** Opening Records to process block **

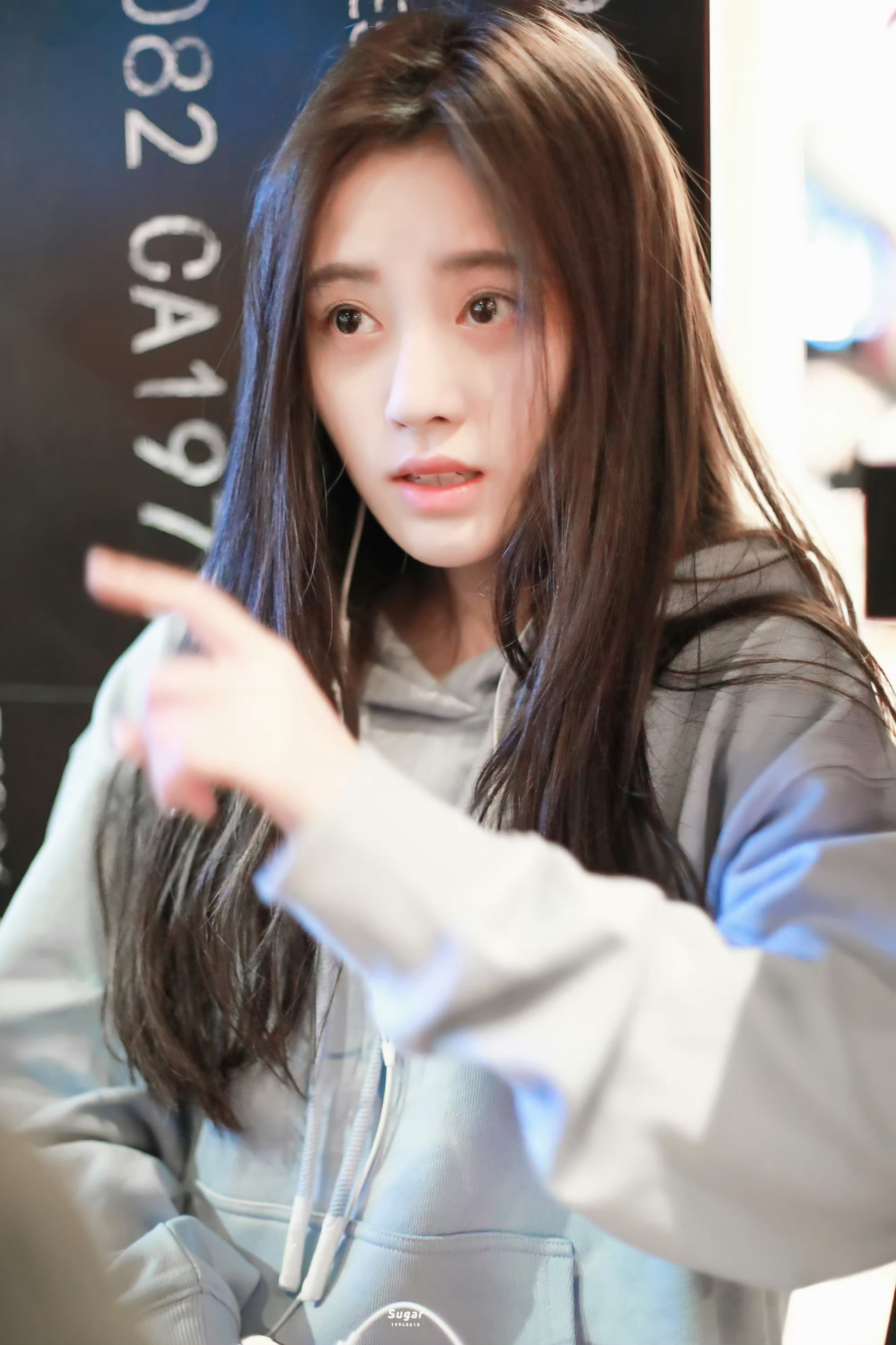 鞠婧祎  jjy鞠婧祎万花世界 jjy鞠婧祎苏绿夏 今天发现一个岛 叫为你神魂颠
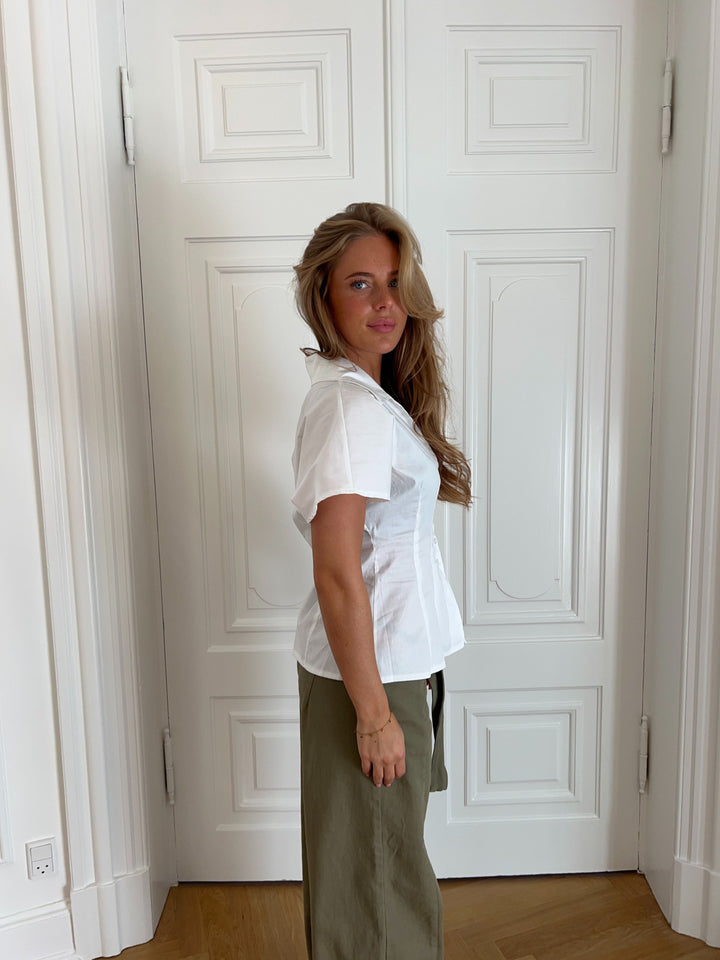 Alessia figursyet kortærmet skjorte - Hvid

** Closing Records to process block **
** Opening Records to process block **

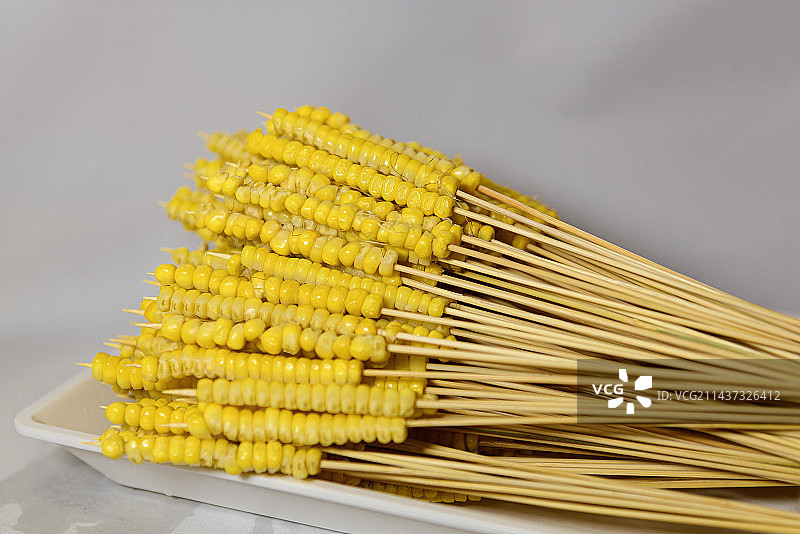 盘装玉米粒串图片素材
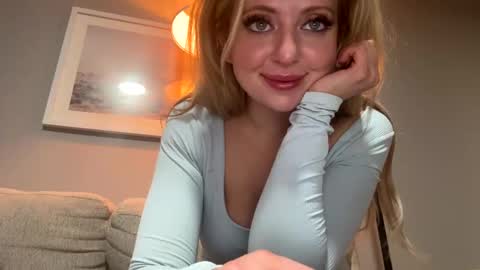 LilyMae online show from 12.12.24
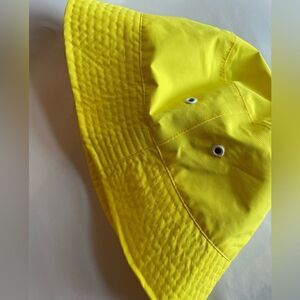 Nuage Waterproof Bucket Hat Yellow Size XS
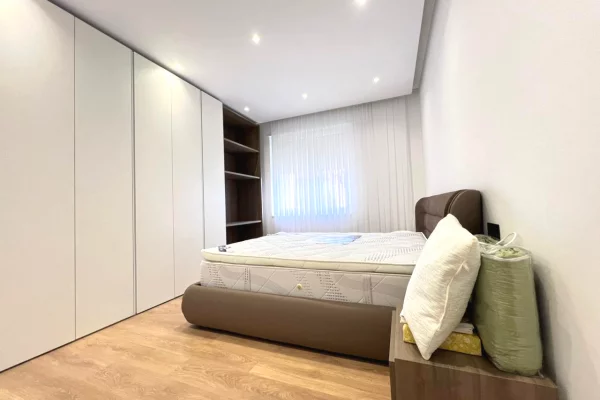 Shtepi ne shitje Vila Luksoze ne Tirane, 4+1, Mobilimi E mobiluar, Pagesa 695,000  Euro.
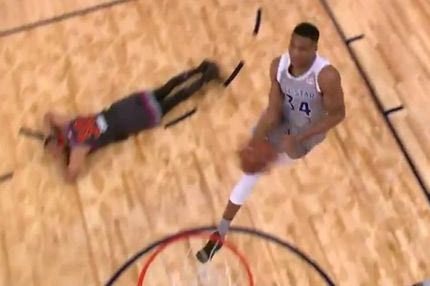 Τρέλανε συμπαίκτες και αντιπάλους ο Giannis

** Closing Records to process block **
** Opening Records to process block **

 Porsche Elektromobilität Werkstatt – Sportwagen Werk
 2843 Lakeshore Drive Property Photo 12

** Closing Records to process block **

- Exercise directions
Transcribe each line of the data above, unaltered, from the one where "Porsche Elektromobilität Werkstatt" appears to the one where "2843 Lakeshore Drive Property Photo 12" appears, inclusive of both.

- Answer to this task
 Porsche Elektromobilität Werkstatt – Sportwagen Werk
 2843 Lakeshore Drive Property Photo 12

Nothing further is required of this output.